The Arrow Cross thugs came to order 15 year-old Robert and the other Jews in the yellow star house at 1 Zichy Jeno to one of the overcrowded ghettos, where thousands were dying of starvation and sickness. However, their efforts were thwarted on numerous occasions by Ara Jeretzian, a rescuer who disguised himself as an Arrow Cross member and converted the house into a functioning free hospital throughout the siege. Jeretzian was honored by Yad Vashem as Righteous Among the Nations in 1981. Robert assisted the many physicians in the house by removing amputated limbs and stacking them in the frozen courtyard, and by performing numerous dangerous errands until their part of Budapest was liberated on January 18th. Shortly thereafter, Robert and his mother were reunited with his father, who survived his forced labor ordeal at the Bor concentration camp in Serbia.

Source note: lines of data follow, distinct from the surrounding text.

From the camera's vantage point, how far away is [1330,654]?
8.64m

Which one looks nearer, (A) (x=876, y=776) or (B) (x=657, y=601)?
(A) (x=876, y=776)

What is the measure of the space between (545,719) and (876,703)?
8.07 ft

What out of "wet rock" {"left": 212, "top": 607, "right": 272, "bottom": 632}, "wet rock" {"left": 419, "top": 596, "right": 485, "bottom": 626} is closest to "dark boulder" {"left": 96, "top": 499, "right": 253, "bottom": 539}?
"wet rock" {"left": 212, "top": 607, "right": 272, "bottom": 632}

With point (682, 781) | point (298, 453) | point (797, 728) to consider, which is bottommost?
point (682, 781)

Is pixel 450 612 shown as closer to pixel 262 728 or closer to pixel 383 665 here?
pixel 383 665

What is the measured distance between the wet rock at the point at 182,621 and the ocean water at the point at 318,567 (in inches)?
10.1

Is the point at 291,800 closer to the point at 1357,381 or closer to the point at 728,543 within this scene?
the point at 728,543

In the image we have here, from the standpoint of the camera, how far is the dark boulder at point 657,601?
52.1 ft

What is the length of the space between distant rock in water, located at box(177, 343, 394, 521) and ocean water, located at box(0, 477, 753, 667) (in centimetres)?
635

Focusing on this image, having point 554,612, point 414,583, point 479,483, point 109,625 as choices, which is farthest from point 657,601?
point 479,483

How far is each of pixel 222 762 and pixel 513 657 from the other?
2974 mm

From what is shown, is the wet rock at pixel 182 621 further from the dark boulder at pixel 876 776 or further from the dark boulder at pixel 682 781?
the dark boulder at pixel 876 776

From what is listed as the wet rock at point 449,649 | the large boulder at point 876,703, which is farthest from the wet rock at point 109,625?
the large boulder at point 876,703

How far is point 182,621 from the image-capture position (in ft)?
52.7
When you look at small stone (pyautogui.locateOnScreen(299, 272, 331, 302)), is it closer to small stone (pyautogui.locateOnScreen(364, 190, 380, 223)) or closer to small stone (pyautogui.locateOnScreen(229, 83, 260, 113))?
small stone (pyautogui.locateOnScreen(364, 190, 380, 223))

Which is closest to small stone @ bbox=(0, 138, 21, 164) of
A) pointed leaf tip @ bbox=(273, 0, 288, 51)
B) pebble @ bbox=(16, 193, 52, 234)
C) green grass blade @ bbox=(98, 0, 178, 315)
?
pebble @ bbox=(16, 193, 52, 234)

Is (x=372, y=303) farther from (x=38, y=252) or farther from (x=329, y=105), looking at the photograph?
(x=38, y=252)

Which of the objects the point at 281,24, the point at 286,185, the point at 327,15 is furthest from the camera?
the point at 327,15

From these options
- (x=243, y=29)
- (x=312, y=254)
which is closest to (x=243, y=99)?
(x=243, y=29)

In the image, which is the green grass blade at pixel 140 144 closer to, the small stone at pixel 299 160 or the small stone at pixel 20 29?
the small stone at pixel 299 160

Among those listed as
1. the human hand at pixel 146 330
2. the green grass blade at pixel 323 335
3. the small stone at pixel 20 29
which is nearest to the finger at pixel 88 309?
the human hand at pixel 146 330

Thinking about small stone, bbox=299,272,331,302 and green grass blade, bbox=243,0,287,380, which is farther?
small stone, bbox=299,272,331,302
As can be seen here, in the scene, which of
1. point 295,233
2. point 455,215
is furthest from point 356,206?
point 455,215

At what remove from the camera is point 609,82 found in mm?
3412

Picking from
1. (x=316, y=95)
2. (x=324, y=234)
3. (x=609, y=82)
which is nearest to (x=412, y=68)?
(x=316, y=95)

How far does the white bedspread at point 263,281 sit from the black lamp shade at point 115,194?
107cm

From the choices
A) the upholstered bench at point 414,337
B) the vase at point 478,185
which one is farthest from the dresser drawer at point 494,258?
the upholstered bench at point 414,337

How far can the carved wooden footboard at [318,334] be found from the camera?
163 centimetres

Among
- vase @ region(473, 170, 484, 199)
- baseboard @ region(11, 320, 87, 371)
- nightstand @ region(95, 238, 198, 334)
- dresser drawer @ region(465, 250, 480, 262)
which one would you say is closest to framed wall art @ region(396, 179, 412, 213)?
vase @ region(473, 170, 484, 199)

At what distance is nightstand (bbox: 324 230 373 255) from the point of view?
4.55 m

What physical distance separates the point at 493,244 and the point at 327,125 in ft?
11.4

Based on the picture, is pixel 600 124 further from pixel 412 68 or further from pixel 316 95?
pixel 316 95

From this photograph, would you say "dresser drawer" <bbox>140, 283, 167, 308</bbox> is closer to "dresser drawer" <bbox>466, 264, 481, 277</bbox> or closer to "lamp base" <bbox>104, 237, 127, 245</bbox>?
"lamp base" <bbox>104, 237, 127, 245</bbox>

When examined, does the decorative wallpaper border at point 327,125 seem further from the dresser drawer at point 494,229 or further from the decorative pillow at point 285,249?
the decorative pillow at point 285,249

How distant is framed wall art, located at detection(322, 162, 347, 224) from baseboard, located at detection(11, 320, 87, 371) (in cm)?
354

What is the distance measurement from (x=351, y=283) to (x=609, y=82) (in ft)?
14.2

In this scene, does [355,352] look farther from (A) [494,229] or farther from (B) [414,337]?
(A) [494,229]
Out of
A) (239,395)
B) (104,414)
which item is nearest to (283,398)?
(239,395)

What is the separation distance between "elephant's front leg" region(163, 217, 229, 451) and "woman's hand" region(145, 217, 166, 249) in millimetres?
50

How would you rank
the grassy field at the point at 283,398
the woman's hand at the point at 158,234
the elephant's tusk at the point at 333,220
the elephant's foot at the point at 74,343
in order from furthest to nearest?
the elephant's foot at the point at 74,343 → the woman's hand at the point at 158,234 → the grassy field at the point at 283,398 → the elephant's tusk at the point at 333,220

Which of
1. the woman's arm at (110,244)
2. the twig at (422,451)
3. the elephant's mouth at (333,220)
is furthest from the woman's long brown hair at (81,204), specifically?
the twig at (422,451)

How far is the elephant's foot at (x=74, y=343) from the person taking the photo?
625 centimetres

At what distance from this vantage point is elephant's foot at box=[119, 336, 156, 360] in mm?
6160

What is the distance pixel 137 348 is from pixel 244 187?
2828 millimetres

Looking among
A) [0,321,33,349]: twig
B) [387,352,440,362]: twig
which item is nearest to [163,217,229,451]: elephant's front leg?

After the war, Robert lived in Israel, Hungary, Germany and the United States. Robert became a teacher, and married Jan, helping to raise three children. He was a member of the Speakers Bureau at the Holocaust Center for Humanity, sharing his story of the danger and senselessness of hatred. Robert died on August 28, 2017. There is a book about his pre-war and wartime experiences, The Yellow Star House, by Paul V. Regelbrugge, (Lulu Publishing, 2019).